(AVAILABLE RECORDS Opens)

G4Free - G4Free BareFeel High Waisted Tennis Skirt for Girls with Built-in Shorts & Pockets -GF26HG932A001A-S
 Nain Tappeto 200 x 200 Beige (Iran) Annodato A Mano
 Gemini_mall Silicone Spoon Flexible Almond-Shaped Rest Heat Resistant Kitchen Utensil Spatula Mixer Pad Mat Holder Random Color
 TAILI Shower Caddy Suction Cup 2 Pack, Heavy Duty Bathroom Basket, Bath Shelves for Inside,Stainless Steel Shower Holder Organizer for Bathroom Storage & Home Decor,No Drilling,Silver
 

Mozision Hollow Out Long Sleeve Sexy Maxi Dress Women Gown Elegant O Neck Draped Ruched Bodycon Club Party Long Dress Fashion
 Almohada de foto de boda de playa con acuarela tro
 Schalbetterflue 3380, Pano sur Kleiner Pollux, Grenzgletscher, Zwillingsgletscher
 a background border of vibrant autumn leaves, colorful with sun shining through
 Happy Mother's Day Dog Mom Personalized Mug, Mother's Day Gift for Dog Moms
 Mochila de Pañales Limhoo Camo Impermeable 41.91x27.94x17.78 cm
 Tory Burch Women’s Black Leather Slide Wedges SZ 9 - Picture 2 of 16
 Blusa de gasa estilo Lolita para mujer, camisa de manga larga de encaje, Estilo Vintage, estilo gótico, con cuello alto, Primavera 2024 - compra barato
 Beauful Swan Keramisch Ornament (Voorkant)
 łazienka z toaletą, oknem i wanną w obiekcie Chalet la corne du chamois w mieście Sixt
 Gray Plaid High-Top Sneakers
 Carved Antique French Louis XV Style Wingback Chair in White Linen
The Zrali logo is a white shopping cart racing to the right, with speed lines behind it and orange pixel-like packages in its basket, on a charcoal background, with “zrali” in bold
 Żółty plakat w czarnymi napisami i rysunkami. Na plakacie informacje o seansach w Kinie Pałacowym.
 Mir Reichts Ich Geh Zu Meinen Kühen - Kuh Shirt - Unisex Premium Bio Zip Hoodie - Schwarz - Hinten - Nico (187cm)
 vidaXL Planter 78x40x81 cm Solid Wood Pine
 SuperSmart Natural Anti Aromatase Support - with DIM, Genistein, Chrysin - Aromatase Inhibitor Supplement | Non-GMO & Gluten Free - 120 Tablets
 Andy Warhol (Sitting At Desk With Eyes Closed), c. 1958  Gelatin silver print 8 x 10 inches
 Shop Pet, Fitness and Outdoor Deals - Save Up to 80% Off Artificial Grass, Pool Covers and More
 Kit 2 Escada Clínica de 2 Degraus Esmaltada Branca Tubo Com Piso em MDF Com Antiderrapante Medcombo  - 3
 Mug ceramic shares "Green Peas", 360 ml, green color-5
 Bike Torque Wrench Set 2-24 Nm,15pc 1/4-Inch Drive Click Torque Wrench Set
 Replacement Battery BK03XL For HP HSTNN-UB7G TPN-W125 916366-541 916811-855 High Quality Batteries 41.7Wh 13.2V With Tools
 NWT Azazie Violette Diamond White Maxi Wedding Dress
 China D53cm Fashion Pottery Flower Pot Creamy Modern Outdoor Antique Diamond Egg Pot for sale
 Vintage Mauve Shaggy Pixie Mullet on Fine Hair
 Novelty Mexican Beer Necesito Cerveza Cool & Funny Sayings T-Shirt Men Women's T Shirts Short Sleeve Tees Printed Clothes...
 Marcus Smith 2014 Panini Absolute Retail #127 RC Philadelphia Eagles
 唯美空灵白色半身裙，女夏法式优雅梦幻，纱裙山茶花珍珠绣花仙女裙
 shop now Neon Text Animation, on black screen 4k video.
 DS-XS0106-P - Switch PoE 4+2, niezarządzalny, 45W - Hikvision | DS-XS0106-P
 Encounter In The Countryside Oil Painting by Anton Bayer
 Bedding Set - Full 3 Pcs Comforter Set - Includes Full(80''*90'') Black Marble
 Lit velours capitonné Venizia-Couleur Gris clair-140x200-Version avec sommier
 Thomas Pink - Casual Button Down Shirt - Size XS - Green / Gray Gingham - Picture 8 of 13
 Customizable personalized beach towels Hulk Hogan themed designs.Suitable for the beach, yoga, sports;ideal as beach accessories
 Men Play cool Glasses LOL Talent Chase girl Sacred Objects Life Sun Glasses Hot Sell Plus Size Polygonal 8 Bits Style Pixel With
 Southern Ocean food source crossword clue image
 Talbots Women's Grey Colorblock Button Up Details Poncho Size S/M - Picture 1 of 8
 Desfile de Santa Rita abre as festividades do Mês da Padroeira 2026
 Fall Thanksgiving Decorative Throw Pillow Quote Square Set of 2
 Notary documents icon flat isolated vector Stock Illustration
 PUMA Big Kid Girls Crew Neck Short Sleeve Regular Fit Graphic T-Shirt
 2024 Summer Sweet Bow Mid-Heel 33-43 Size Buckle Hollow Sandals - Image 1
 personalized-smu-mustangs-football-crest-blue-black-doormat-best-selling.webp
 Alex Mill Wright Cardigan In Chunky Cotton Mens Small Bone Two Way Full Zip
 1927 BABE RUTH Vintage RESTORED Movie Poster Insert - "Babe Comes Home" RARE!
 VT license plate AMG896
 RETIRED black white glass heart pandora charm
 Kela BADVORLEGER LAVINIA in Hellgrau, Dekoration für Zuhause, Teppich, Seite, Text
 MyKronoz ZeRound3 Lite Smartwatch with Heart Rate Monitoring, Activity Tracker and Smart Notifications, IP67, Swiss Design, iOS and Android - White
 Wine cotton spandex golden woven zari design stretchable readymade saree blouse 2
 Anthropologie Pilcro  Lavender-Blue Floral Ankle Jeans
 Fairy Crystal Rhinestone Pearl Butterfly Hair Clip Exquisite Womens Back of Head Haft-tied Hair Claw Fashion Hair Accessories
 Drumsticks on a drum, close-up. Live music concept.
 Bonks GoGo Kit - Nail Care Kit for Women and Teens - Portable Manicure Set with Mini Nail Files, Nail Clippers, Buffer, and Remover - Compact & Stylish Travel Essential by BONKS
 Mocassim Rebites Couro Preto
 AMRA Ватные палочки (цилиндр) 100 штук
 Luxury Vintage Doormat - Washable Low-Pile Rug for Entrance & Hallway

(AVAILABLE RECORDS Closes)

» AIM OF THE EXERCISE
Word for word, set down the complete listing once more.

» SOLUTION TO THE EXERCISE
G4Free - G4Free BareFeel High Waisted Tennis Skirt for Girls with Built-in Shorts & Pockets -GF26HG932A001A-S
 Nain Tappeto 200 x 200 Beige (Iran) Annodato A Mano
 Gemini_mall Silicone Spoon Flexible Almond-Shaped Rest Heat Resistant Kitchen Utensil Spatula Mixer Pad Mat Holder Random Color
 TAILI Shower Caddy Suction Cup 2 Pack, Heavy Duty Bathroom Basket, Bath Shelves for Inside,Stainless Steel Shower Holder Organizer for Bathroom Storage & Home Decor,No Drilling,Silver
 

Mozision Hollow Out Long Sleeve Sexy Maxi Dress Women Gown Elegant O Neck Draped Ruched Bodycon Club Party Long Dress Fashion
 Almohada de foto de boda de playa con acuarela tro
 Schalbetterflue 3380, Pano sur Kleiner Pollux, Grenzgletscher, Zwillingsgletscher
 a background border of vibrant autumn leaves, colorful with sun shining through
 Happy Mother's Day Dog Mom Personalized Mug, Mother's Day Gift for Dog Moms
 Mochila de Pañales Limhoo Camo Impermeable 41.91x27.94x17.78 cm
 Tory Burch Women’s Black Leather Slide Wedges SZ 9 - Picture 2 of 16
 Blusa de gasa estilo Lolita para mujer, camisa de manga larga de encaje, Estilo Vintage, estilo gótico, con cuello alto, Primavera 2024 - compra barato
 Beauful Swan Keramisch Ornament (Voorkant)
 łazienka z toaletą, oknem i wanną w obiekcie Chalet la corne du chamois w mieście Sixt
 Gray Plaid High-Top Sneakers
 Carved Antique French Louis XV Style Wingback Chair in White Linen
The Zrali logo is a white shopping cart racing to the right, with speed lines behind it and orange pixel-like packages in its basket, on a charcoal background, with “zrali” in bold
 Żółty plakat w czarnymi napisami i rysunkami. Na plakacie informacje o seansach w Kinie Pałacowym.
 Mir Reichts Ich Geh Zu Meinen Kühen - Kuh Shirt - Unisex Premium Bio Zip Hoodie - Schwarz - Hinten - Nico (187cm)
 vidaXL Planter 78x40x81 cm Solid Wood Pine
 SuperSmart Natural Anti Aromatase Support - with DIM, Genistein, Chrysin - Aromatase Inhibitor Supplement | Non-GMO & Gluten Free - 120 Tablets
 Andy Warhol (Sitting At Desk With Eyes Closed), c. 1958  Gelatin silver print 8 x 10 inches
 Shop Pet, Fitness and Outdoor Deals - Save Up to 80% Off Artificial Grass, Pool Covers and More
 Kit 2 Escada Clínica de 2 Degraus Esmaltada Branca Tubo Com Piso em MDF Com Antiderrapante Medcombo  - 3
 Mug ceramic shares "Green Peas", 360 ml, green color-5
 Bike Torque Wrench Set 2-24 Nm,15pc 1/4-Inch Drive Click Torque Wrench Set
 Replacement Battery BK03XL For HP HSTNN-UB7G TPN-W125 916366-541 916811-855 High Quality Batteries 41.7Wh 13.2V With Tools
 NWT Azazie Violette Diamond White Maxi Wedding Dress
 China D53cm Fashion Pottery Flower Pot Creamy Modern Outdoor Antique Diamond Egg Pot for sale
 Vintage Mauve Shaggy Pixie Mullet on Fine Hair
 Novelty Mexican Beer Necesito Cerveza Cool & Funny Sayings T-Shirt Men Women's T Shirts Short Sleeve Tees Printed Clothes...
 Marcus Smith 2014 Panini Absolute Retail #127 RC Philadelphia Eagles
 唯美空灵白色半身裙，女夏法式优雅梦幻，纱裙山茶花珍珠绣花仙女裙
 shop now Neon Text Animation, on black screen 4k video.
 DS-XS0106-P - Switch PoE 4+2, niezarządzalny, 45W - Hikvision | DS-XS0106-P
 Encounter In The Countryside Oil Painting by Anton Bayer
 Bedding Set - Full 3 Pcs Comforter Set - Includes Full(80''*90'') Black Marble
 Lit velours capitonné Venizia-Couleur Gris clair-140x200-Version avec sommier
 Thomas Pink - Casual Button Down Shirt - Size XS - Green / Gray Gingham - Picture 8 of 13
 Customizable personalized beach towels Hulk Hogan themed designs.Suitable for the beach, yoga, sports;ideal as beach accessories
 Men Play cool Glasses LOL Talent Chase girl Sacred Objects Life Sun Glasses Hot Sell Plus Size Polygonal 8 Bits Style Pixel With
 Southern Ocean food source crossword clue image
 Talbots Women's Grey Colorblock Button Up Details Poncho Size S/M - Picture 1 of 8
 Desfile de Santa Rita abre as festividades do Mês da Padroeira 2026
 Fall Thanksgiving Decorative Throw Pillow Quote Square Set of 2
 Notary documents icon flat isolated vector Stock Illustration
 PUMA Big Kid Girls Crew Neck Short Sleeve Regular Fit Graphic T-Shirt
 2024 Summer Sweet Bow Mid-Heel 33-43 Size Buckle Hollow Sandals - Image 1
 personalized-smu-mustangs-football-crest-blue-black-doormat-best-selling.webp
 Alex Mill Wright Cardigan In Chunky Cotton Mens Small Bone Two Way Full Zip
 1927 BABE RUTH Vintage RESTORED Movie Poster Insert - "Babe Comes Home" RARE!
 VT license plate AMG896
 RETIRED black white glass heart pandora charm
 Kela BADVORLEGER LAVINIA in Hellgrau, Dekoration für Zuhause, Teppich, Seite, Text
 MyKronoz ZeRound3 Lite Smartwatch with Heart Rate Monitoring, Activity Tracker and Smart Notifications, IP67, Swiss Design, iOS and Android - White
 Wine cotton spandex golden woven zari design stretchable readymade saree blouse 2
 Anthropologie Pilcro  Lavender-Blue Floral Ankle Jeans
 Fairy Crystal Rhinestone Pearl Butterfly Hair Clip Exquisite Womens Back of Head Haft-tied Hair Claw Fashion Hair Accessories
 Drumsticks on a drum, close-up. Live music concept.
 Bonks GoGo Kit - Nail Care Kit for Women and Teens - Portable Manicure Set with Mini Nail Files, Nail Clippers, Buffer, and Remover - Compact & Stylish Travel Essential by BONKS
 Mocassim Rebites Couro Preto
 AMRA Ватные палочки (цилиндр) 100 штук
 Luxury Vintage Doormat - Washable Low-Pile Rug for Entrance & Hallway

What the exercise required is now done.